In any event, with Mary’s family connections to the preisthood, it is not impossible that her sister, Salome, was not also married to a priest. And we know Salome was the name of Mary’s sister because she is one of the women at the cross with Mary (Mark 15:40), identified in Matthew as the mother of James and John, and in John’s gospel simply referred to as ‘Mary’s sister.’ (Mt 27:56, Mark 15:40; John 19:25). If the best solution to the puzzle of why this list varies with the different gospels is that Salome, the mother of James and John, and the sister of Mary are ways of referring to the same person. And John, as was the custom of authors at the time, would speak of his mother as he spoke of himself (the disciple whom Jesus loved) in the third person and not by name. So this means that John is Jesus’ cousin. Which by the way helps to explain why James and John had the audacity, at the urging of their mother, to ask Jesus to give them positions at his right and left hand in his kingdom, and why John was the disciple whom Jesus loved (he was his young cousin whom he had grown up with) and why Jesus gives his mother over to John’s care at the cross.

But those are all stories for another time.

For now, it is enough to understand that, for whatever reasons, John had a great interest in and understanding of the priesthood and the temple. And he was very disappointed in what it had become. But John also wants to highlight that God still used the institution of the priesthood, and he used it one last time in the old sense of what it has once been, of being also a prophetic office.

When the Sanhedrin first begin to conspire to put Jesus to death, after they learn of the raising of Lazarus (11:45-53), it is the actual official high priest, Caiaphas, who is there. And in the midst of their discussions he suddenly states: ‘Don’t you people understand anything.

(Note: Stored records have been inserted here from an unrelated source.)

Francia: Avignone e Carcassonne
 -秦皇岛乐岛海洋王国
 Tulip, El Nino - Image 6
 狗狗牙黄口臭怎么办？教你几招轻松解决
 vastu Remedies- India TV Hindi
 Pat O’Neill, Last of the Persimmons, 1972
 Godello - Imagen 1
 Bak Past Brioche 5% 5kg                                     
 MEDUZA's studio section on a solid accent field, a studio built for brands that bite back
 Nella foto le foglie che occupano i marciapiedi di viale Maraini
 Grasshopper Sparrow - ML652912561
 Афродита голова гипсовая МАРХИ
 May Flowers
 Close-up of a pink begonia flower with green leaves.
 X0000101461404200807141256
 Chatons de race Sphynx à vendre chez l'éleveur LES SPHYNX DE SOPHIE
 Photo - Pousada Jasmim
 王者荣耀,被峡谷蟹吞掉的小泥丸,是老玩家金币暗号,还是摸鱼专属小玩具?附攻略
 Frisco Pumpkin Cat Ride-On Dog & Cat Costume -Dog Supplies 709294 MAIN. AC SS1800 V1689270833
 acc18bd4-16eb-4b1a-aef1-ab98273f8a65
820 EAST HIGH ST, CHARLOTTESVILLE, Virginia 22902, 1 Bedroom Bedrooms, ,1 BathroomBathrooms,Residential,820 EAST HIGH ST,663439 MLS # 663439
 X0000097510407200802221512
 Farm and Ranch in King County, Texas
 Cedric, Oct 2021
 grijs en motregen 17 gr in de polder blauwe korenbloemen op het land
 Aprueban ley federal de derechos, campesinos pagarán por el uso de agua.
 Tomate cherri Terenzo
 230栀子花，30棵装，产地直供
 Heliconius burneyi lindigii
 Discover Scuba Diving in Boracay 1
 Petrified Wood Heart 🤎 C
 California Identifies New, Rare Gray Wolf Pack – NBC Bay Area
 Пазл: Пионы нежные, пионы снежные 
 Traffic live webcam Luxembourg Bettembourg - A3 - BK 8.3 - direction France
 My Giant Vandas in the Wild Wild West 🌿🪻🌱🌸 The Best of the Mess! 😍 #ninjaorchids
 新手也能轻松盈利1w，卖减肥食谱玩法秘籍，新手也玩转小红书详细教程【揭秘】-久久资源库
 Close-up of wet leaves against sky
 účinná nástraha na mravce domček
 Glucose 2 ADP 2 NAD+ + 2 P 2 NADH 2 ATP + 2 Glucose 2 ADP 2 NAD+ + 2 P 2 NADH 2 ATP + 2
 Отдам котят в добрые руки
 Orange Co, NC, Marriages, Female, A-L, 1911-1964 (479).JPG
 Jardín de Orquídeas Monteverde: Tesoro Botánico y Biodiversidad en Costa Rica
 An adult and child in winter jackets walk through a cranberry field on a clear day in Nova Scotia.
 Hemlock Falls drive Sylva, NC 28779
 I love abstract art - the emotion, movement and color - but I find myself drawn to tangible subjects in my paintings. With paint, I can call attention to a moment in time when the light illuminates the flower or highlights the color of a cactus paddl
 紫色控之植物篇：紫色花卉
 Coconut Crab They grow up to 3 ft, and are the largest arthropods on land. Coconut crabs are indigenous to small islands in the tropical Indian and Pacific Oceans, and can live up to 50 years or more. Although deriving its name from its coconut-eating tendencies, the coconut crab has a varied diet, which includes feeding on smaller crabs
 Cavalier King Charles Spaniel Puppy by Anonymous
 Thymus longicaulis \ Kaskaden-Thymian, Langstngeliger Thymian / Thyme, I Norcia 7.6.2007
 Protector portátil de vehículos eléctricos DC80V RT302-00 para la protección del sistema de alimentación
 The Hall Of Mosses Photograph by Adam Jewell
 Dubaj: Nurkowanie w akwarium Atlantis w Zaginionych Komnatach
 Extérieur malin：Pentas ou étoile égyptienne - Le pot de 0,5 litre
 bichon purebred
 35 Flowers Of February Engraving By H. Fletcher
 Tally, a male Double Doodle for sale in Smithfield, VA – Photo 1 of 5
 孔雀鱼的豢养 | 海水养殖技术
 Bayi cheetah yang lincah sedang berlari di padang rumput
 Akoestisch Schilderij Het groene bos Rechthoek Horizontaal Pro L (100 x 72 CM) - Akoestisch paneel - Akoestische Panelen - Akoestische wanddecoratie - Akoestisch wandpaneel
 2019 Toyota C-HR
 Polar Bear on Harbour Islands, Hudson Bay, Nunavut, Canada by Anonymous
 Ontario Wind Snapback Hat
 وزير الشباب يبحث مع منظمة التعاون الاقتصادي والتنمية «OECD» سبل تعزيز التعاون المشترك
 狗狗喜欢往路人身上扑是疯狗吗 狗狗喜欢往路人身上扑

It is better for one man to die for the people than for the whole nation to be destroyed.’ And John points out that he made this prophecy about Jesus even though he did not understand what he was saying. So the high priest himself prophesies the final sacrifice that will be for all people. He announces the end of the sacrificial system, and indeed the coming of a new high priest. And this statement of Caiaphas is so important that John reminds us of it again in chapter 18 (verse 14).

The high priest has one final role to fulfil in the divine drama. Despite the low state of affairs in the current priesthood, the fact that the high priest has become a political role and a puppet of the Romans, there was still a high priest in Israel at the time of Jesus. And this is important.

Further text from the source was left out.